TANGKASNews – Presiden Jokowidodo menegaskan bahwa akuisisi Freeport merupakan sebuah lompatan yang diharapkan nantinya berdampak positif bagi Indonesia secara lebih luas dari sisi pendapatan, pajak, royalti, dividen, hingga retribusi sehingga nilai tambah komoditas tambang bisa dinikmati seluruh masyarakat.

 

“Kepentingan nasional harus dinomor satukan termasuk teknis pembagian,” ujarnya di Jakarta, Kamis (12/7).

 

Selain itu pemerintah, sambung Kepala Negara , telah mengakuisisi 100 persen Blok Mahakam dan menyerahkan pengelolaannya kepada Pertamina.

 

Presiden Jokowi memjelaskan Freeport Indonesia sampai sejauh ini telah mengelola tambang emas di Papua selama hampir 50 tahun dengan porsi kepemilikan saham mayoritas.

 

“Pengolahan untuk meningkatkan kepemilikan kita menjadi 51 persen, dari yang sebelumnya 9,36 persen.
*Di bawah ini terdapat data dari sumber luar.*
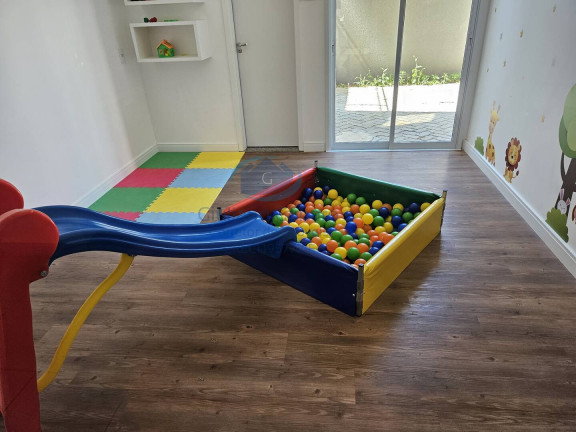 Imagem Apartamento com 2 Quartos para Alugar, 74 m² em Jardim Nair Maria - Salto Imagem Apartamento com 2 Quartos para Alugar, 74 m² em Jardim Nair Maria - Salto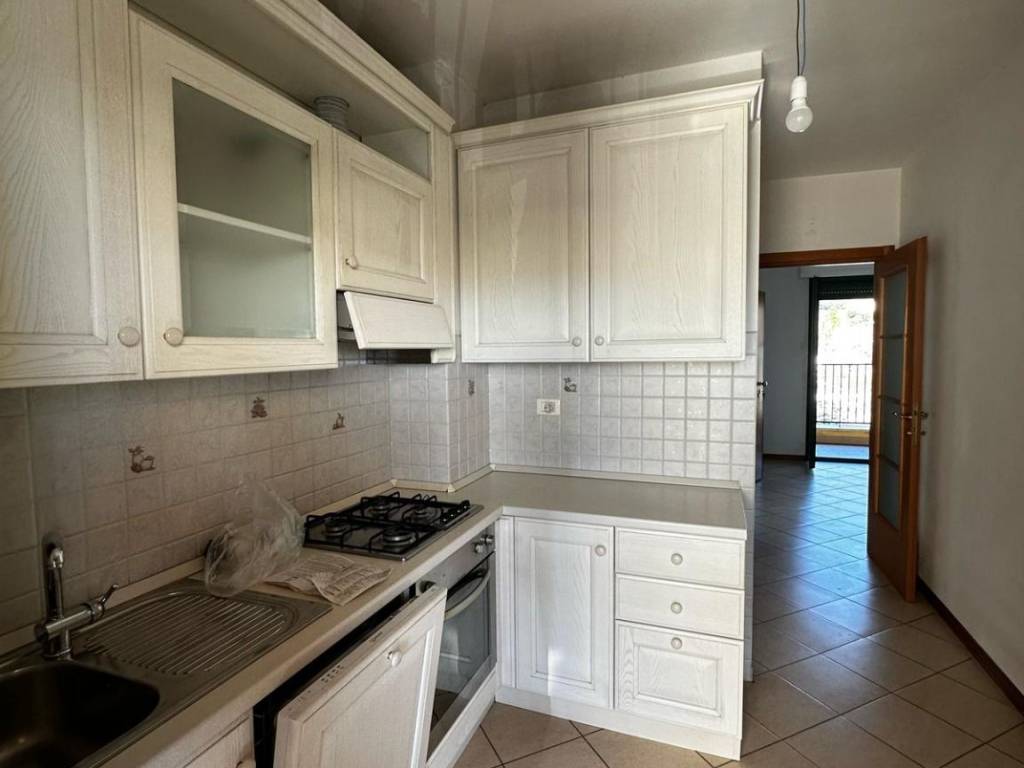 Appartamento a Pietrasanta in Via Provinciale Vallecchia, 95 - Foto 3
Alhamdulillah,”jelasnya.

 

Kepala Negara menekankan tidak mudah untuk melakukan negosiasi dalam proses akuisisi saham Freeport karena selama ini ternyata berjalan sangat alot.

 

“Inilah 3,5 tahun yang kita usahakan sangat alot, jangan dipikir mudah, dan begitu sangat intens sekali dalam 1,5 tahun ini,” terangnya.